**Recorded data**
------------------------------------------------------------------------

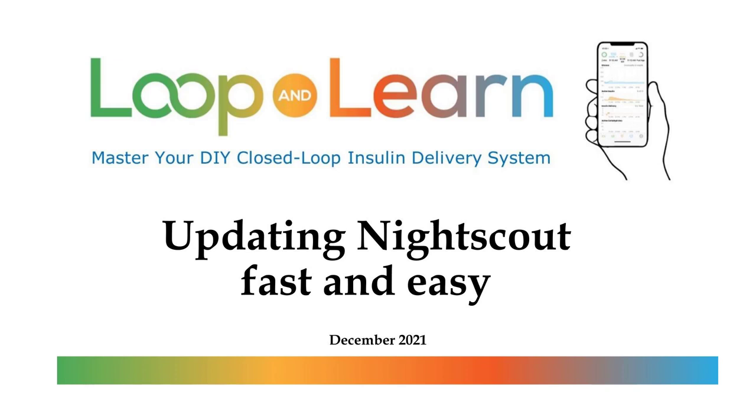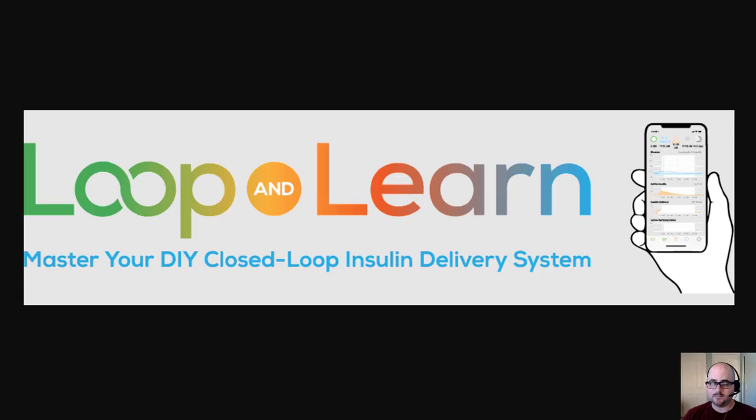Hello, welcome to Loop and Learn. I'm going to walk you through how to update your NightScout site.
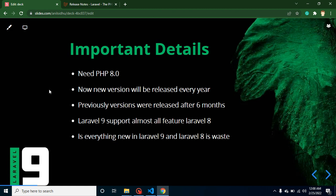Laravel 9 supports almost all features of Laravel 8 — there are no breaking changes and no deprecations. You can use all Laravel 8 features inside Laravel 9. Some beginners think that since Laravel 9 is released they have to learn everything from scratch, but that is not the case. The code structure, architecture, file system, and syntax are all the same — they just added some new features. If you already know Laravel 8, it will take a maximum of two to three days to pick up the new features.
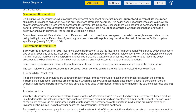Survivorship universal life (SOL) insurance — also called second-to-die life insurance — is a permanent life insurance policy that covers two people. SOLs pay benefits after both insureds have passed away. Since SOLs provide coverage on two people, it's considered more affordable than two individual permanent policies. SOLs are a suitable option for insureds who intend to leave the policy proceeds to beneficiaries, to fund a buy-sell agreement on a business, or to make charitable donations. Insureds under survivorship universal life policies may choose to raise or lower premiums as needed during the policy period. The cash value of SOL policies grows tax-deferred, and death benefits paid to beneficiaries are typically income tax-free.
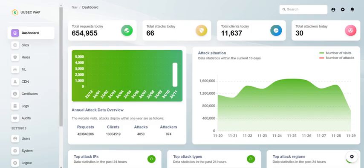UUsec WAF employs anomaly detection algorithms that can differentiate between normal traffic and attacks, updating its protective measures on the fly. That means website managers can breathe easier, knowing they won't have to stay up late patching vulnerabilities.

------------------------------------------------------------------------

**Action item**
Where the material contains pictures, leave them out and copy the rest verbatim.

**Result**
Hello, welcome to Loop and Learn. I'm going to walk you through how to update your NightScout site.
Laravel 9 supports almost all features of Laravel 8 — there are no breaking changes and no deprecations. You can use all Laravel 8 features inside Laravel 9. Some beginners think that since Laravel 9 is released they have to learn everything from scratch, but that is not the case. The code structure, architecture, file system, and syntax are all the same — they just added some new features. If you already know Laravel 8, it will take a maximum of two to three days to pick up the new features.
Survivorship universal life (SOL) insurance — also called second-to-die life insurance — is a permanent life insurance policy that covers two people. SOLs pay benefits after both insureds have passed away. Since SOLs provide coverage on two people, it's considered more affordable than two individual permanent policies. SOLs are a suitable option for insureds who intend to leave the policy proceeds to beneficiaries, to fund a buy-sell agreement on a business, or to make charitable donations. Insureds under survivorship universal life policies may choose to raise or lower premiums as needed during the policy period. The cash value of SOL policies grows tax-deferred, and death benefits paid to beneficiaries are typically income tax-free.
UUsec WAF employs anomaly detection algorithms that can differentiate between normal traffic and attacks, updating its protective measures on the fly. That means website managers can breathe easier, knowing they won't have to stay up late patching vulnerabilities.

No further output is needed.